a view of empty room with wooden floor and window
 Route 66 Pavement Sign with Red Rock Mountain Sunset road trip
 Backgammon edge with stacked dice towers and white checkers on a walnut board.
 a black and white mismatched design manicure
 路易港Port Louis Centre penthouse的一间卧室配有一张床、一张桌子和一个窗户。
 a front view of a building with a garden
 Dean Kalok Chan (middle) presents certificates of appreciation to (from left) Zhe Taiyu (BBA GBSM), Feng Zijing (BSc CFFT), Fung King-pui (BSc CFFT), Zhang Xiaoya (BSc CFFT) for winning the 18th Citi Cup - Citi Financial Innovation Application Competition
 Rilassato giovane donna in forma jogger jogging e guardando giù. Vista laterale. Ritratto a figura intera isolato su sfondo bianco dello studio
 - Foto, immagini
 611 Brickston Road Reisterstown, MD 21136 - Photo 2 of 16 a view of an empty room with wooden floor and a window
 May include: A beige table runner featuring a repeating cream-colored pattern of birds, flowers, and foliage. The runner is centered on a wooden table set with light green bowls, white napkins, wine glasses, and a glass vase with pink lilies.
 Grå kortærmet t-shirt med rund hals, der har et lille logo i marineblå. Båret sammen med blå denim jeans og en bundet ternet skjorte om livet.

WORK REQUIRED: Copy, with no alteration, the line that contains "- Foto, immagini" and each remaining line of the listing above.

ANSWER BELOW:
 - Foto, immagini
 611 Brickston Road Reisterstown, MD 21136 - Photo 2 of 16 a view of an empty room with wooden floor and a window
 May include: A beige table runner featuring a repeating cream-colored pattern of birds, flowers, and foliage. The runner is centered on a wooden table set with light green bowls, white napkins, wine glasses, and a glass vase with pink lilies.
 Grå kortærmet t-shirt med rund hals, der har et lille logo i marineblå. Båret sammen med blå denim jeans og en bundet ternet skjorte om livet.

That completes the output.